Evaluation du respect des normes ISO par les LABM
L’accréditation d’un LABM selon la norme ISO 15189 ou ISO 17025 est la reconnaissance formelle de ses compétences techniques et de son SMQ. En France, l’organisme chargé de l’accréditation des LABM est le COFRAC, créé par les pouvoirs publics en 1994 [44, 45a-b]. L’accréditation s’effectue sur la base d’une démarche volontaire du laboratoire auprès du COFRAC. Le LABM élabore un dossier de demande d’accréditation précisant notamment la (les) portée(s) d’accréditation souhaitée(s). S’en suit la signature d’une convention d’accréditation stipulant les engagements mutuels de l’organisme et du laboratoire candidat ainsi que le projet de portée d’accréditation accepté par le COFRAC. La visite d’évaluation, en accord avec le laboratoire, s’effectue par les auditeurs (qualiticiens et experts techniques). 21 Le LABM, accrédité pour 5 ans (renouvelables), est soumis à des visites de surveillance tous les 18 mois et à une réévaluation quinquennale dont les résultats conditionnent le maintien, la suspension ou le retrait de son accréditation. A ce jour, 108 LABM sont accrédités selon la norme ISO [44]. Ce chiffre bien que faible comparé au nombre de LABM en France (environ 4500) a progressé depuis quelques années.
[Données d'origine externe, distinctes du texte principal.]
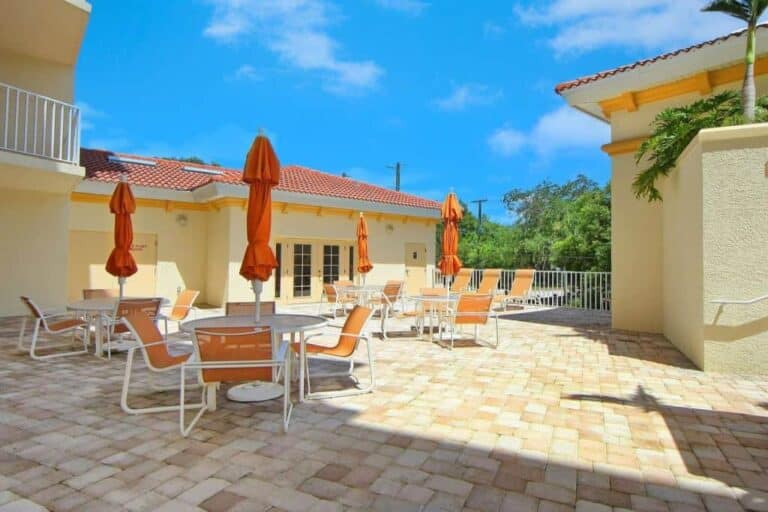 San Marco Condos in Downtown Sarasota, FL. - Patio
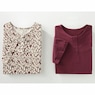 2-Pack Cotton Knit Henley Nightshirts for Women, , large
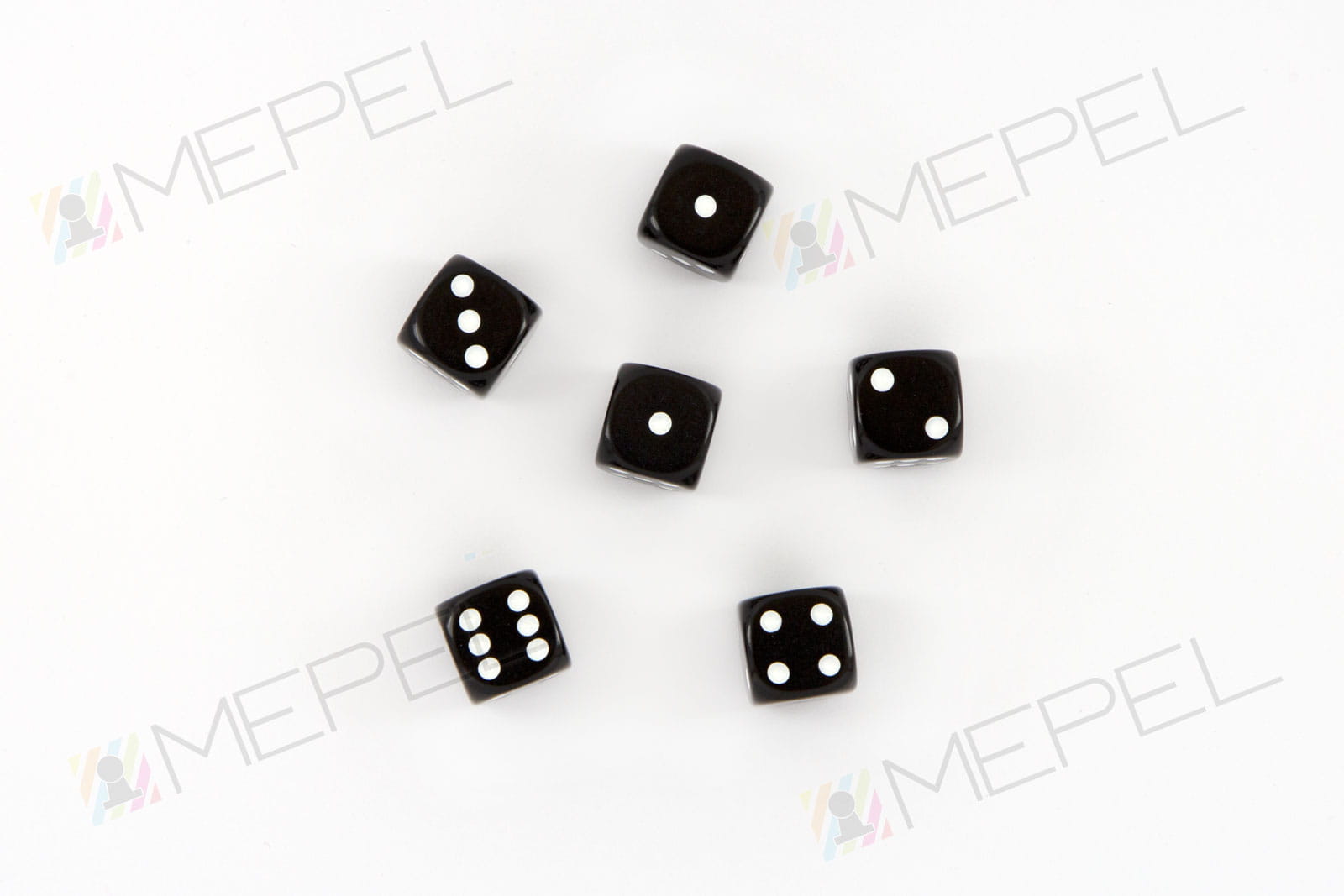 Dice / die D6 16mm - black
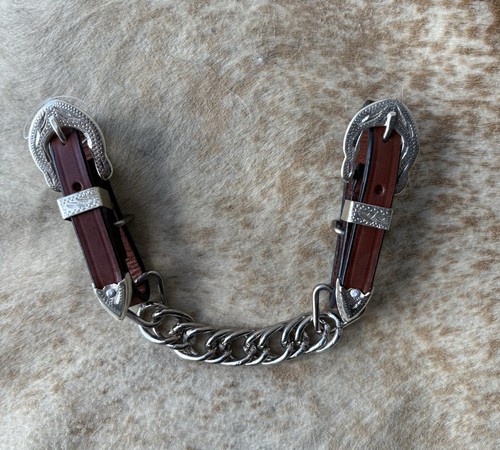 Western leather with engraved - leather,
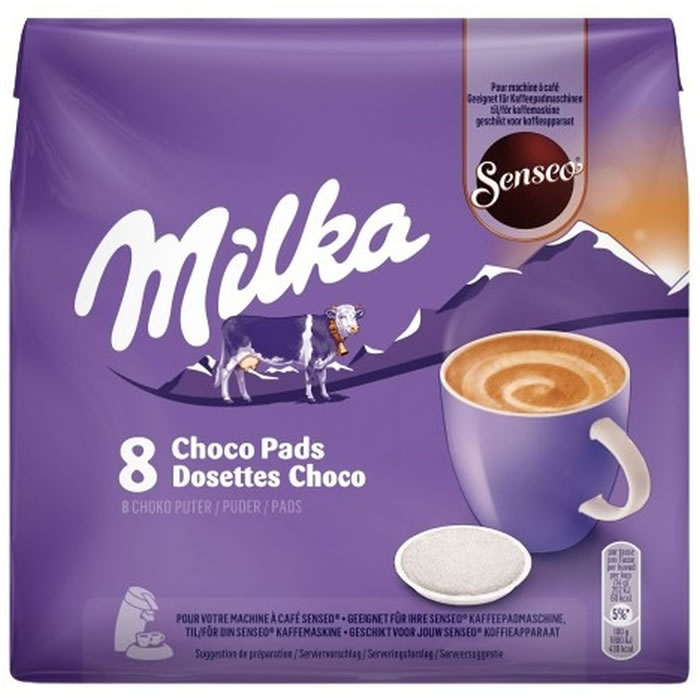 Milka Dosettes au Choco 8 Pièces 112 g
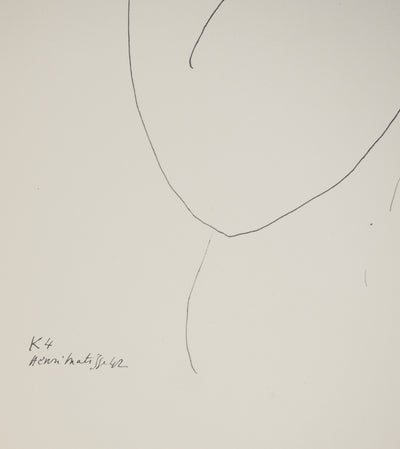 Henri MATISSE : Adieux à la fenêtre, Lithographie originale (photo de détail 2) - Crédit photo : Galerie Art.Paris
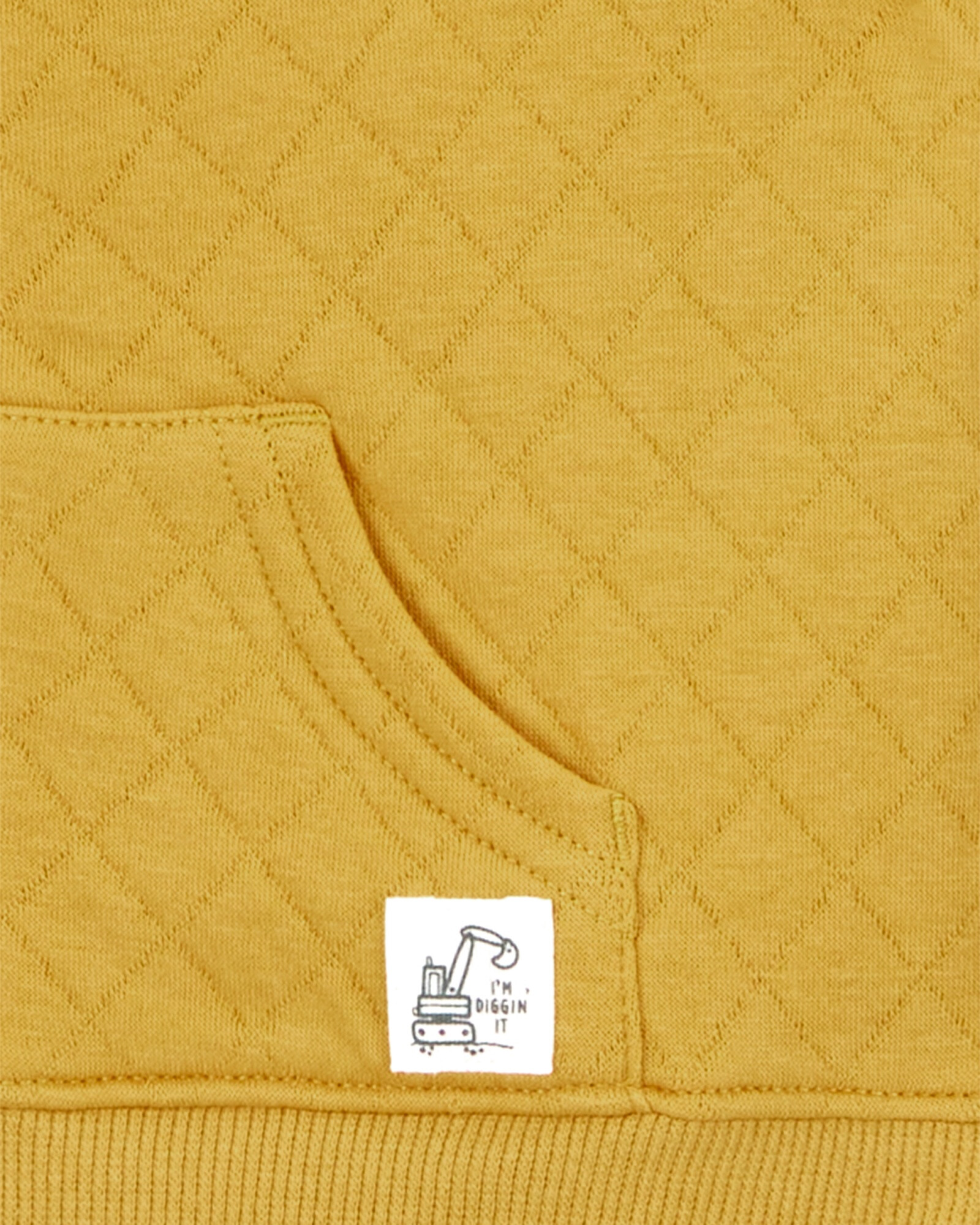 Set tres piezas de algodón, chaleco capitoneado, pantalón y body, diseño constructor Set tres piezas de algodón, chaleco capitoneado, pantalón y body, diseño constructor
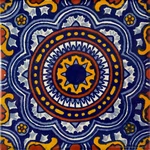4.2X4.2 9 Pcs Full Moroccan Mexican Clay Tile Handmade Talavera Backsplash New. Price: $32.99.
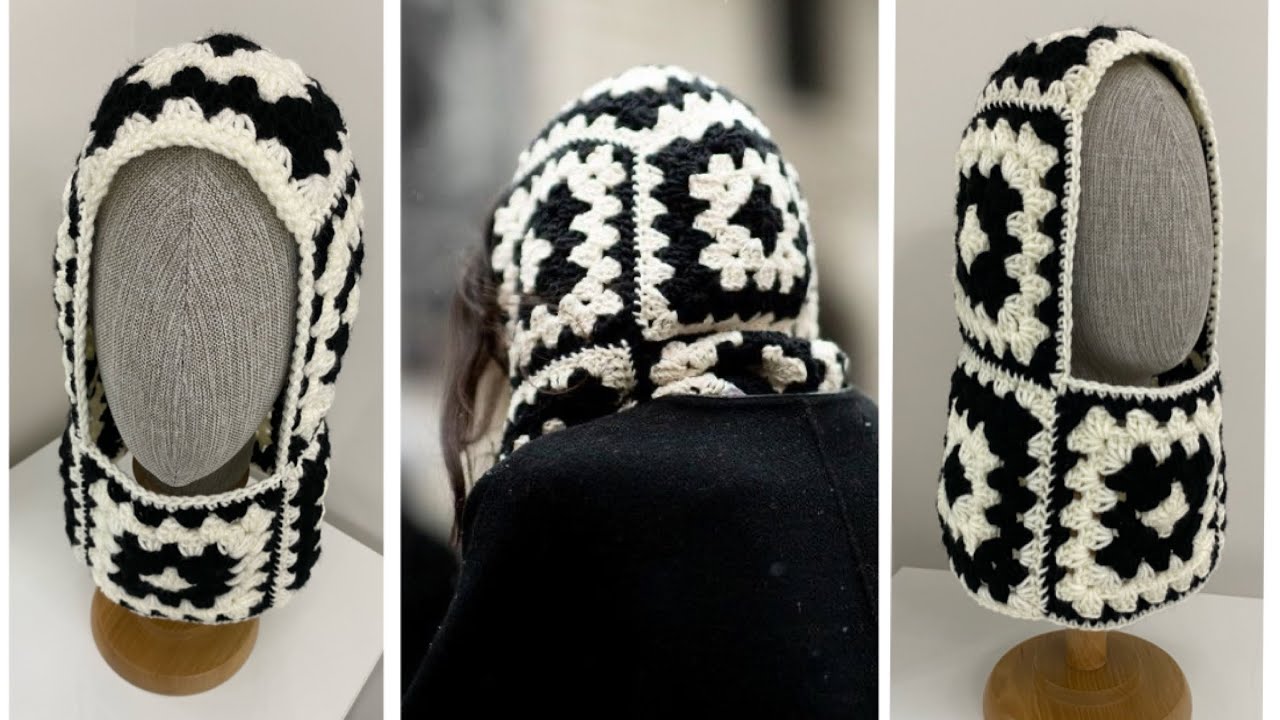 ŞAHANE OLDU 🤩ÜNLÜ MOTİFLİ BALACLAVA MODELİNİ ÖRÜYORUZ💯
En effet, selon une enquête publiée en 2001, seuls 8 LABM étaient accrédités ISO en 1998 -1999 [6]. L’accréditation ISO des LABM est désormais prise en compte par le ministère chargé de la santé qui, pour la première fois, a cosigné le 22 décembre 2006, la convention cadre COFRAC-Etat, reconnaissant ainsi le COFRAC comme organisme national d’accréditation. Cette initiative était préconisée par L’IGAS, qui précisait qu’une telle convention devrait permettre au COFRAC d’assurer, à l’horizon de 2010, l’accréditation ISO 15189 des laboratoires [19].